Wednesday, November 25, 2009

Contributing to U2 awareness:

An expert commission of African leaders today announced their plan for comprehensive reform of music band U2. Saying that U2’s rock had lost touch with its African roots, the commission called for urgent measures to halt U2’s slide towards impending crisis.

Friday, November 20, 2009

In other local corruption news, my senator is selling her vote on health care for $100 million.
The city I live in:

Evelyn Holden admitted in federal court that she conspired with former senior Baton Rouge City Court prosecutor Flitcher Bell and others to fix criminal and traffic matters in City Court.
The mayor's sister is one thing. Corrupt police bother me even more:

Former Baton Rouge police Sgt. Darrell Johnson has admitted he took bribes to cause dismissal of criminal charges in City Court over a 19-year period. Johnson retired before pleading guilty.

Former Officer Leonard P. Jackson, who recently resigned from the Baton Rouge police force, admitted he sought and took bribes in a scheme to fix criminal and traffic charges in City Court.
I now officially don't trust the police in Baton Rouge, which is a terrible thing.

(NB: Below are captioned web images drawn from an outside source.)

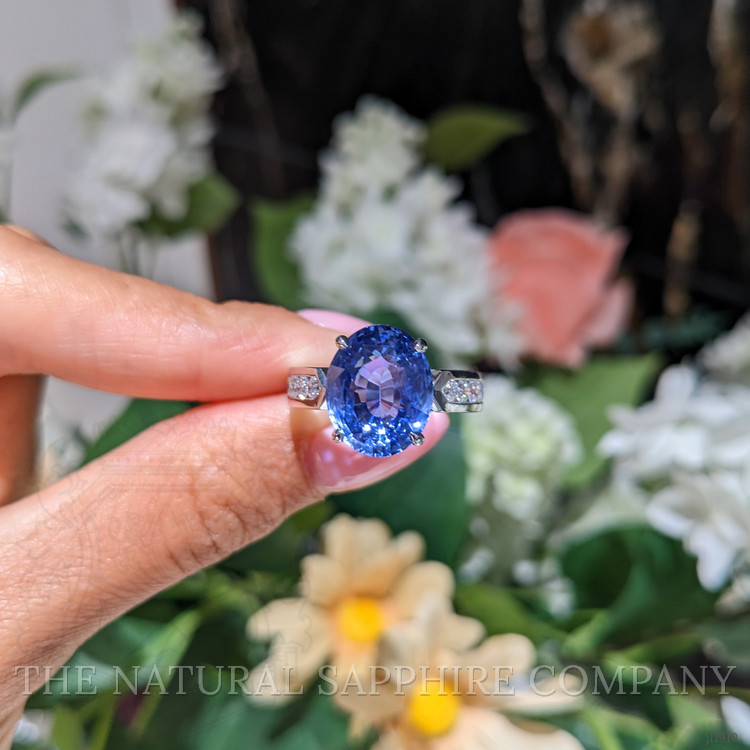 9.19 Ct. Blue Sapphire and Natural Diamond Pave Ring, Platinum 950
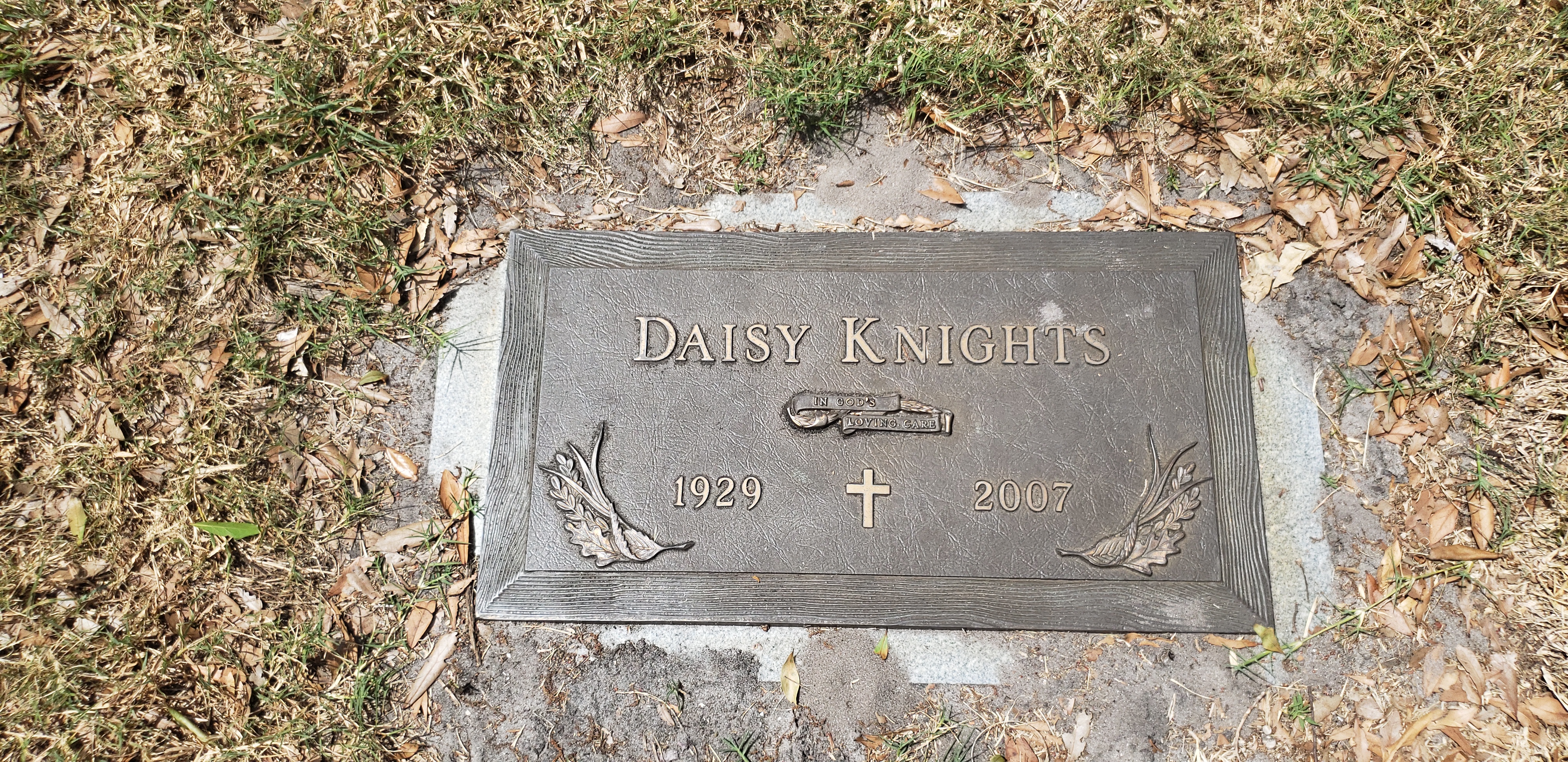 Daisy Knights
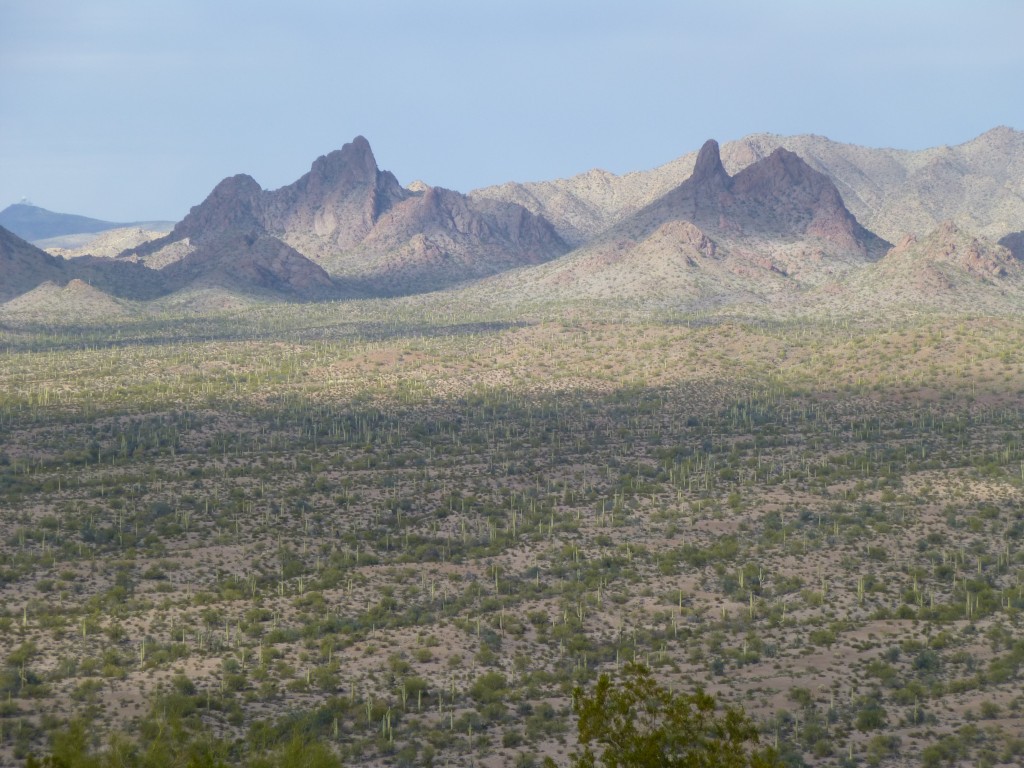 Looking north to North Ajo Peak (left) and Ajo Peak (right)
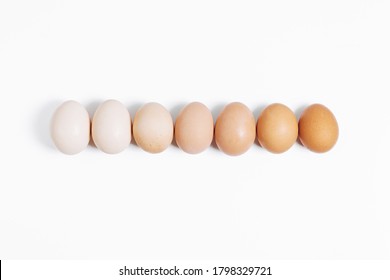 Seven eggs are laid in row white background  Eggs are arranged by color from the darkest to the lightest  Color gradient  Ingredient for omelettes  Farm eggs  Eggs different colors 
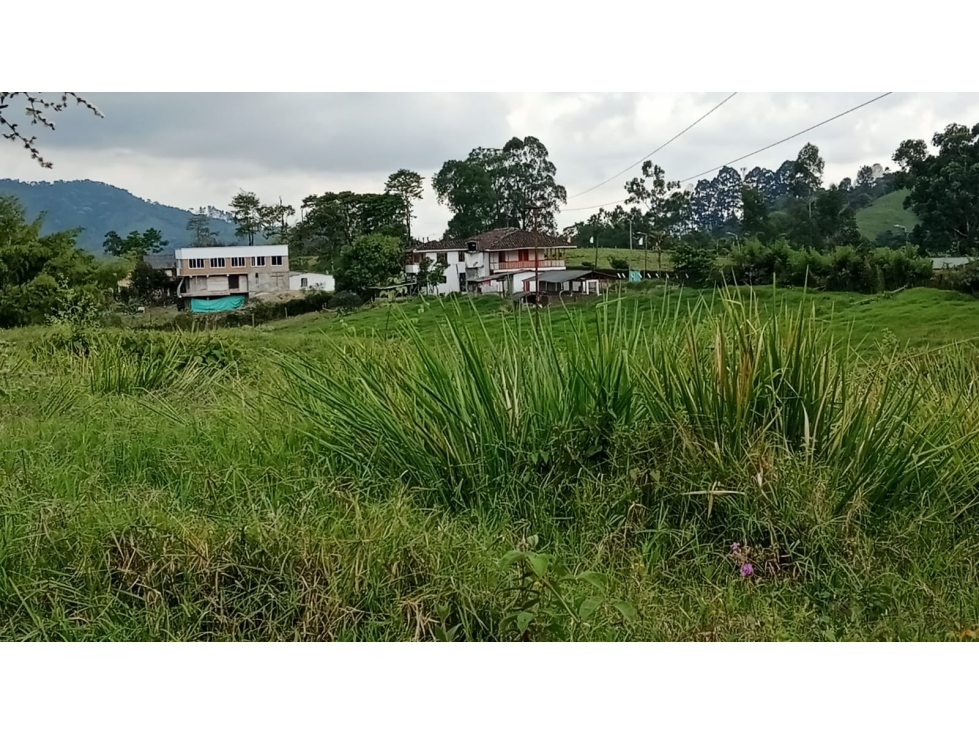 LOTE EN VEREDA LA BELLA PEREIRA — foto 3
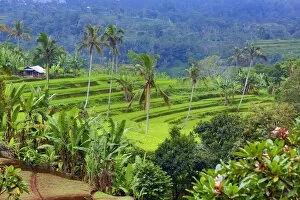 Bali, Indonesia Collection: Rice terraces and palm trees in Mekarsari, Bali, Indonesia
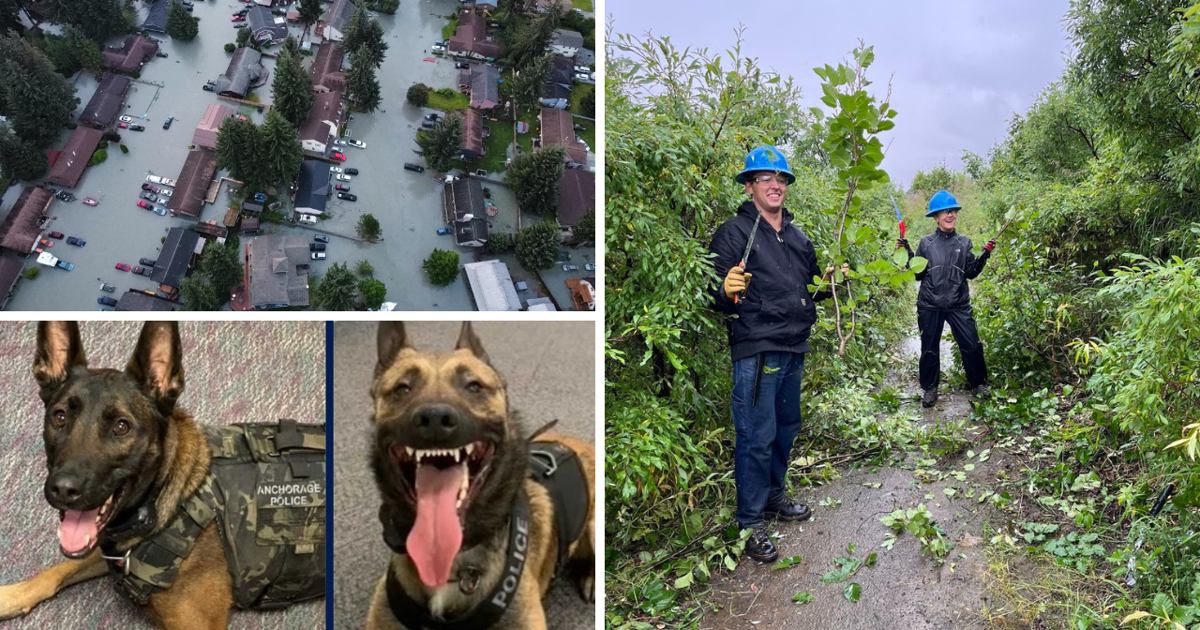 AROUND ALASKA: Flood Assessment, K-9 Tribute and Trail Volunteers | Around Alaska [Video]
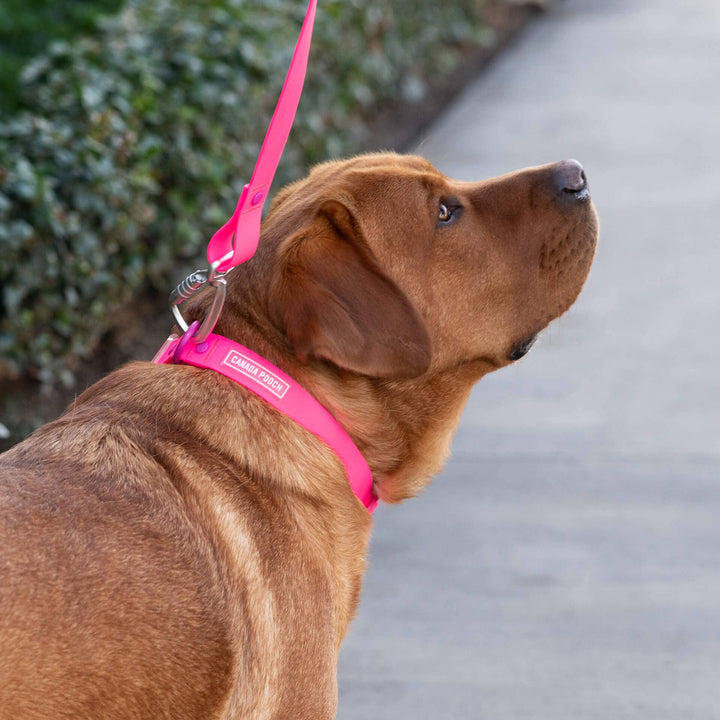 Canada Pooch - Waterproof Dog Leash (Pink): S/M / Pink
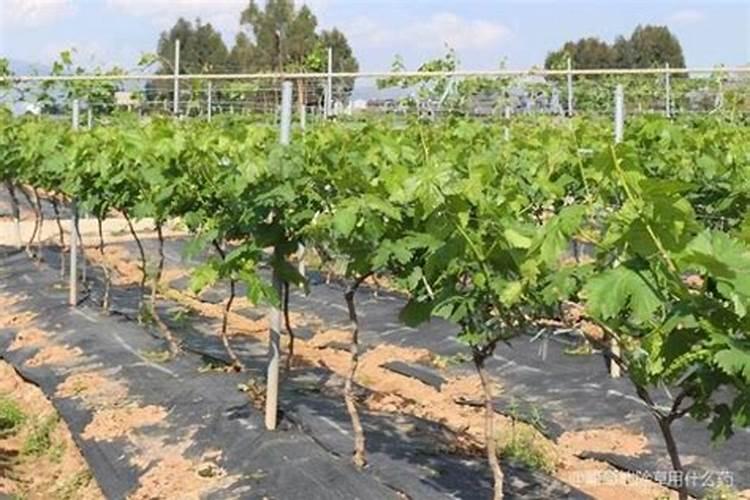 第一年葡萄小苗施什么肥(刚种葡萄苗用什么肥料长得快)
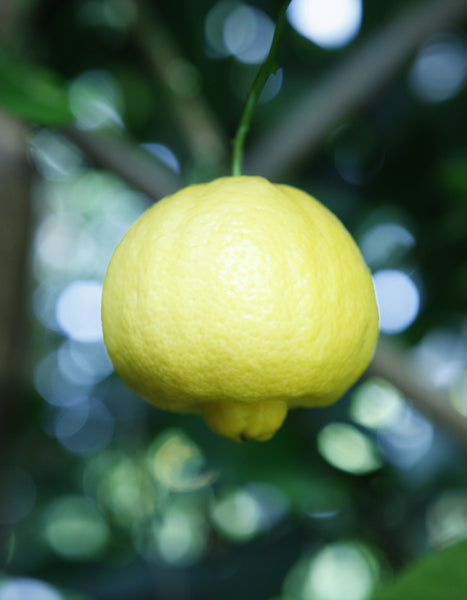Romana Lemon or Lima dulcis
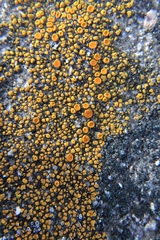Polycauliona bolacina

Thursday, November 12, 2009

Fraud in the humanities and in the sciences:

Most interesting is that Schön’s frauds actually benefited from rigorous peer review at elite journals, much as earlier forgers benefited from the advanced techniques of text-obsessed humanists. The critiques and suggestions that Schön received in referee reports told him exactly what it would take to convince skeptics about new findings. If his amazing plastics really did show evidence of superconductivity, reviewers pressed, had Schön checked for such and such effects or measured this or that parameter? Schön could then deliver those results right back, in perfect keeping with expectations.

I also like the takeaway:

The relentless rat race to produce new results quickly in order to secure the next round of funding or promotion is not without consequences. The cozy relationship between prestigious scientific journals like Science and Nature and journalists—who receive prepublication copies of “hot” articles under special embargo, allowing them to prepare accompanying news coverage—entangles scientists, laboratories’ press relations staff, journal editors, investors and others in dizzying webs of potential conflicts of interest.

Monday, November 9, 2009

Give coffee addicts coffee and then have them do a challenging task. Tell half of them that caffeine is known to improve scores on the task, and tell the other half that it's known to have a negative effect. Independently, half get decaf and half get regular, but they all think they're getting caffeine.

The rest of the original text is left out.